L’ASIO affirme que des pirates informatiques liés à un État ont infiltré des infrastructures australiennes critiques dans le cadre d’un projet de sabotage
L’agence australienne de renseignement intérieur a averti que des pirates informatiques soutenus par un État étranger avaient compromis un fournisseur d’infrastructures critiques et semblaient prépare...
L’agence australienne de renseignement intérieur a averti que des pirates informatiques soutenus par un État étranger avaient compromis un fournisseur d’infrastructures critiques et semblaient préparer une opération de sabotage qui aurait pu être déclenchée ultérieurement. Cette révélation a été faite par le directeur général de l’ASIO, Mike Burgess, dans le cadre de l’évaluation annuelle des menaces réalisée par l’agence.
M. Burgess a déclaré que les attaquants ne s’étaient pas contentés d’obtenir un accès : ils avaient également récupéré les identifiants d’utilisateurs actifs, notamment ceux de membres du personnel chargés de protéger le réseau. Selon l’ASIO, l’objectif n’était pas de provoquer une destruction immédiate, mais de conserver un accès à long terme et de cartographier le réseau, offrant ainsi aux intrus la possibilité de perturber les opérations au moment opportun.
L’agence a indiqué avoir détecté l’intrusion, suivi l’activité des attaquants et collaboré avec l’organisation touchée ainsi qu’avec ses partenaires de sécurité pour contenir l’incident. M. Burgess a ajouté que l’ampleur des activités commanditées par des États et visant les infrastructures australiennes était considérable, et qu’un État en particulier était à l’origine d’une grande partie de ces activités dans la région.
Un espionnage lié à l’AUKUS
M. Burgess a également décrit une autre opération de collecte de renseignements visant une personne australienne habilitée à accéder à des informations classifiées. Dans ce cas, un agent étranger s’est fait passer en ligne pour un consultant, a rémunéré la cible pour obtenir des rapports écrits, puis a tenté d’extraire des informations sur l’AUKUS, le partenariat de défense entre l’Australie, les États-Unis et le Royaume-Uni.
L’ASIO affirme que le responsable ciblé a éveillé les soupçons, signalé le contact et coopéré avec les enquêteurs. L’agence s’est ensuite servie de l’incident pour confronter directement l’agent, ce qui, selon M. Burgess, a contribué à perturber l’opération et à révéler les faiblesses de l’approche du service de renseignement étranger.
L’ASIO affirme que cet épisode illustre la manière dont des services étrangers utilisent l’ingénierie sociale, des identités en ligne et des paiements pour recruter ou faire pression sur des personnes disposant d’un accès privilégié en Australie.
Des préoccupations plus larges en matière de sécurité
Au-delà du cyberespionnage, M. Burgess a souligné les risques liés au terrorisme et à la radicalisation, affirmant que le recrutement d’extrémistes se déroulait de plus en plus en ligne et sur des plateformes chiffrées. Il a déclaré que l’ASIO avait résolu plusieurs affaires importantes liées au terrorisme depuis la fin de 2025, ainsi que des dizaines de projets d’attentat majeurs au cours de la dernière décennie.
- L’ASIO a créé des équipes dédiées pour répondre aux menaces de sabotage visant les infrastructures critiques.
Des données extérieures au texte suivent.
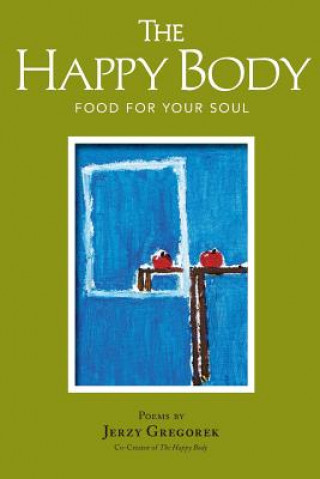Könyv The Happy Body: Food for Your Soul Jerzy Gregorek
- L’agence affirme que des acteurs soutenus par des États utilisent des accès persistants et le vol d’identifiants pour préparer de futures attaques.
- Les environnements en ligne restent un canal clé pour l’espionnage, le recrutement et la radicalisation.
M. Burgess a déclaré que l’ASIO développait son utilisation de nouvelles technologies, notamment l’intelligence artificielle, afin de suivre l’évolution du paysage des menaces, et a encouragé les Australiens à envisager une carrière au sein de l’agence.